Write the data out again exactly, dropping any images it holds.

BEGIN Input

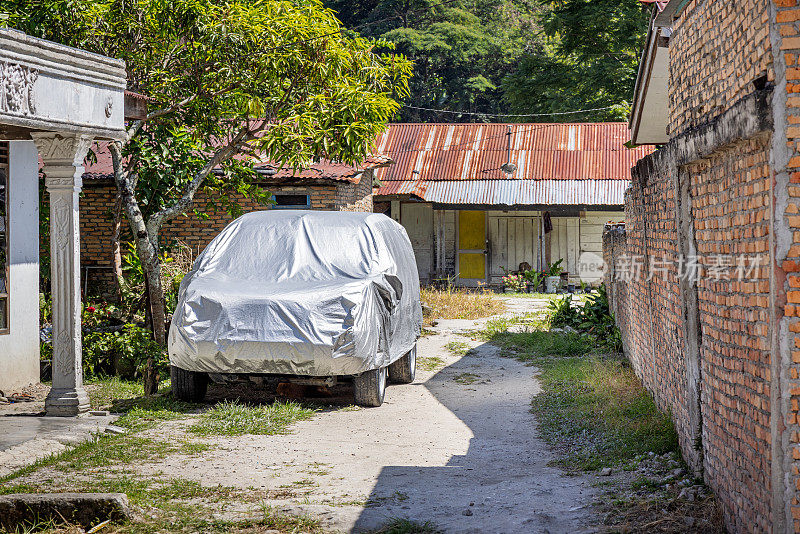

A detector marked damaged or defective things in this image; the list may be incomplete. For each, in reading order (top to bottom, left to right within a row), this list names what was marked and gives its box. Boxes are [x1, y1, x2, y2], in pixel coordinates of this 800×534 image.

rusty corrugated metal roof [372, 122, 652, 183]
rusty corrugated metal roof [376, 180, 632, 205]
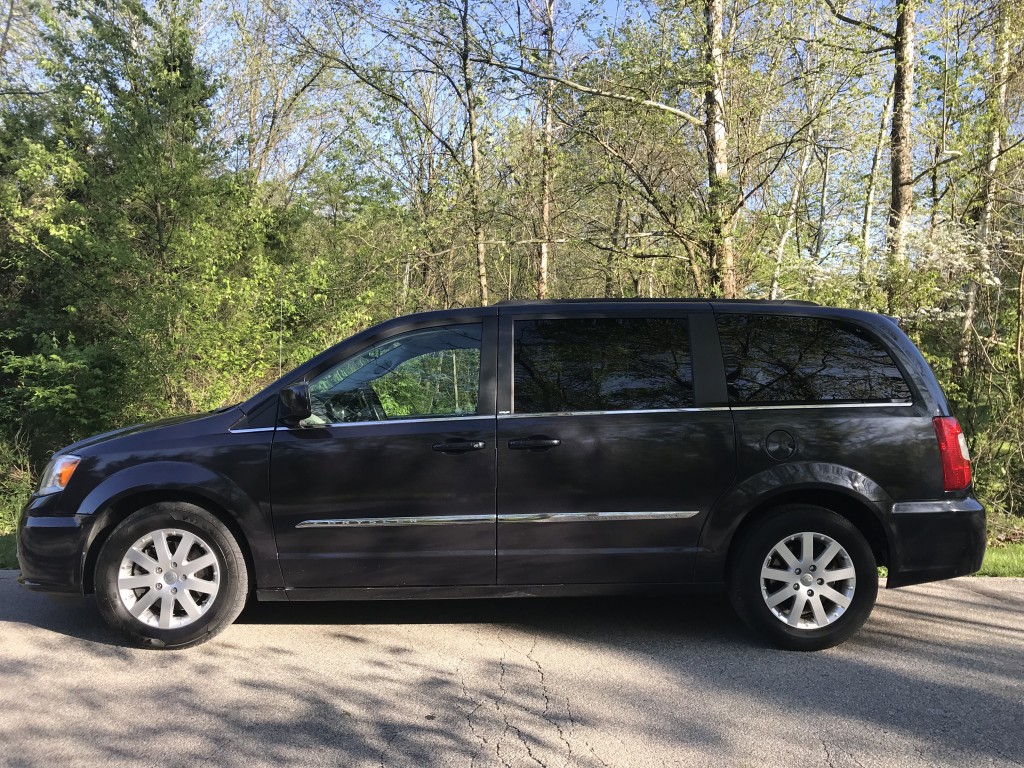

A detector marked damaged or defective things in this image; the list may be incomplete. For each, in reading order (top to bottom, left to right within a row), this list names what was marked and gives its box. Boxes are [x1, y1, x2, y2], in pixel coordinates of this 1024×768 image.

cracked pavement [0, 573, 1019, 765]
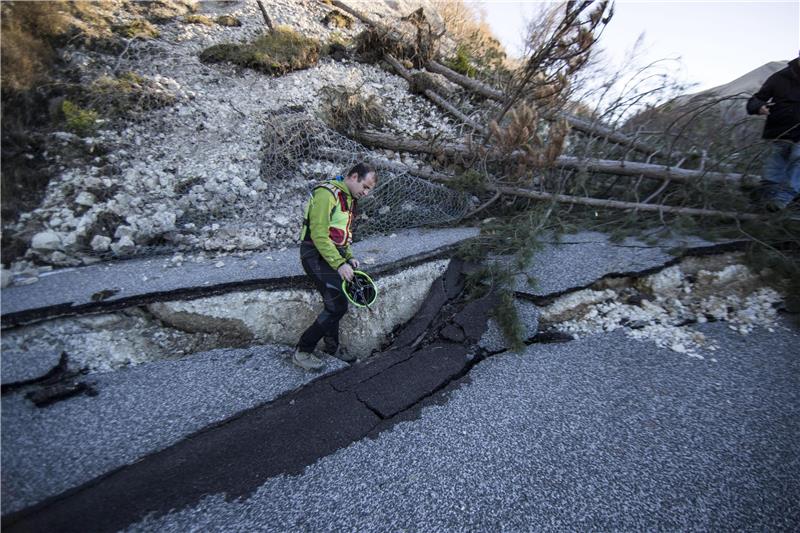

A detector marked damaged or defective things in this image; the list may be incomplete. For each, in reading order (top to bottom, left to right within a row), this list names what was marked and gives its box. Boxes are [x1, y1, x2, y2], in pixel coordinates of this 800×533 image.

cracked asphalt road [131, 318, 800, 528]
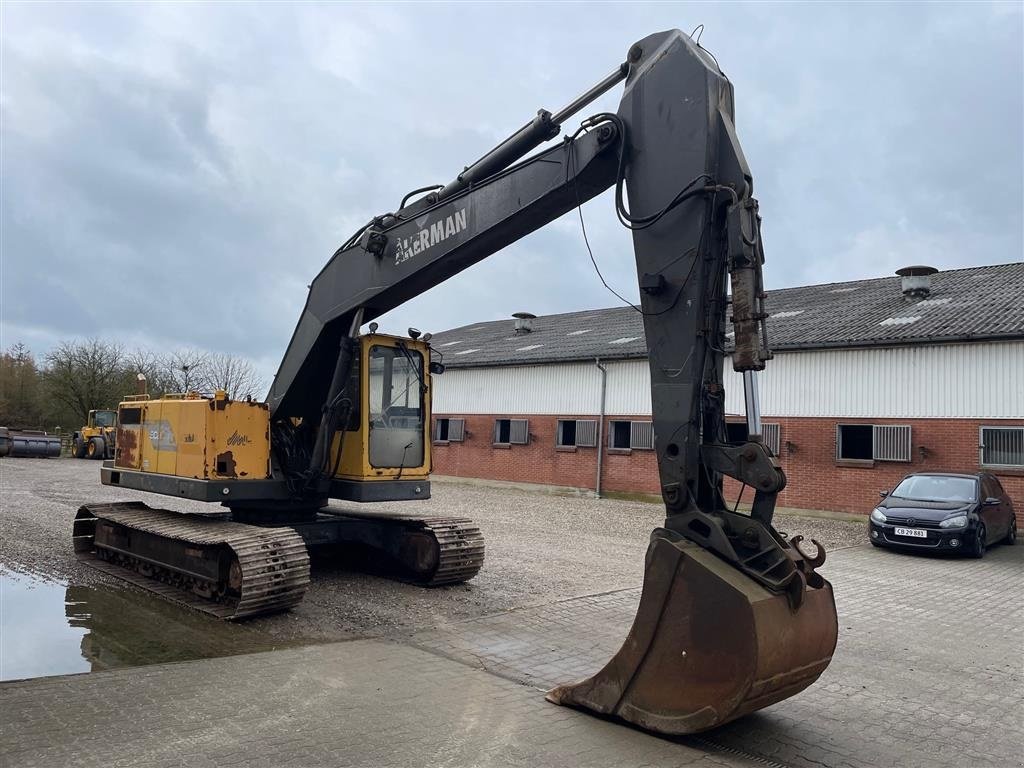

END Input

Task result:
A detector marked damaged or defective things in this image; the list may be incomplete. For each, in reading order (top to bottom, left to right within a row), this list names what was marked and gives its box. Boxes are [x1, y1, x2, y2], in pixel coordinates of this 800×534 image.

rusty corrugated metal roof [372, 122, 652, 183]
rusty corrugated metal roof [376, 180, 632, 205]

A detector marked damaged or defective things in this image; the list may be incomplete. For each, in reading order (top to bottom, left to right within a row), this list names what was marked and gives its box. Boxes are [x1, y1, x2, y2], in pixel coordinates of this 1024×768 image.

cracked pavement [0, 573, 1019, 765]

A detector marked damaged or defective things in this image; the list may be incomplete. For each, in reading order (top to bottom, left to right within a row), this list names what was marked and gives its box. Boxes are [x1, y1, x2, y2], in pixel coordinates of this 800×533 image.

cracked asphalt road [131, 318, 800, 528]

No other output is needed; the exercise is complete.